Data provided
□ □ □ □ □
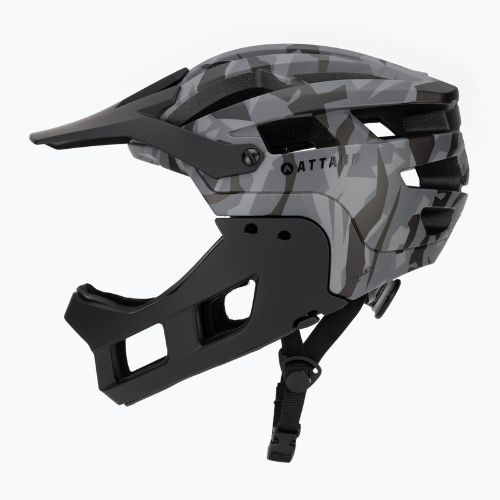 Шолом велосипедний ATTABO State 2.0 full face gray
□ □ □ □ □
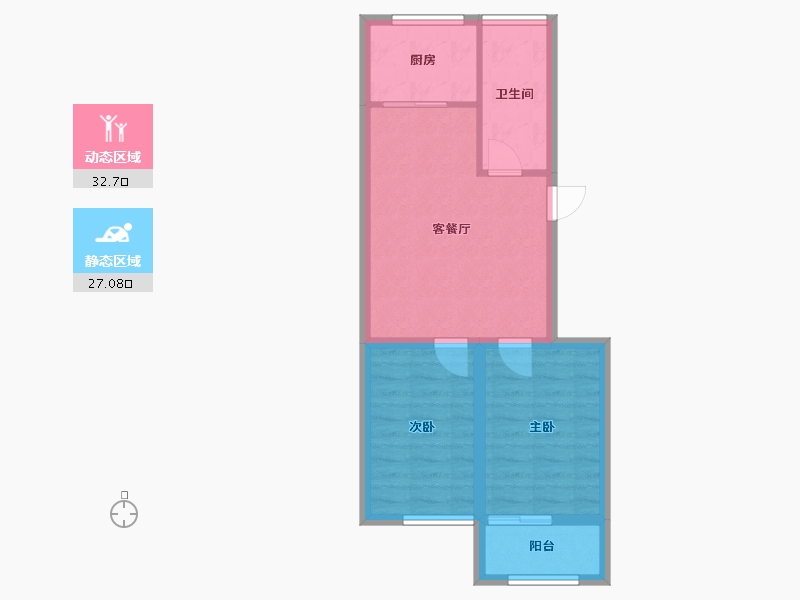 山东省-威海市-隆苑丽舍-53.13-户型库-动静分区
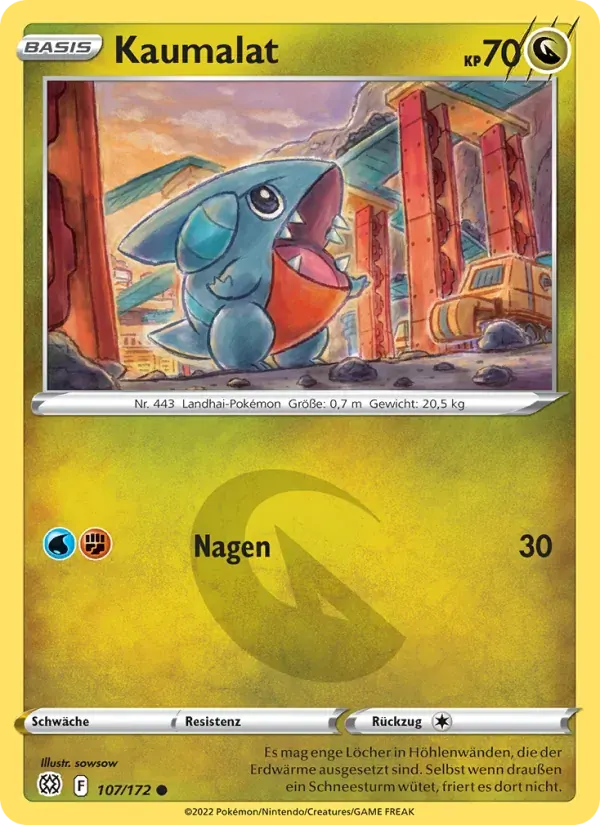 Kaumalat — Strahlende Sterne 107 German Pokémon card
□ □ □ □ □
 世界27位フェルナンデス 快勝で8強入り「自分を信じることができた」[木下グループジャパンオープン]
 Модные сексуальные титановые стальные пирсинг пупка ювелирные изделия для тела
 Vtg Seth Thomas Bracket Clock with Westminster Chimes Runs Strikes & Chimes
□ □ □ □ □
Your task
Would you restate, exactly and with no pictures, the lines of the entries above from the one containing "山东省-威海市-隆苑丽舍-53.13-户型库-动静分区" through the one containing "Kaumalat — Strahlende"?

Exercise solution
 山东省-威海市-隆苑丽舍-53.13-户型库-动静分区
 Kaumalat — Strahlende Sterne 107 German Pokémon card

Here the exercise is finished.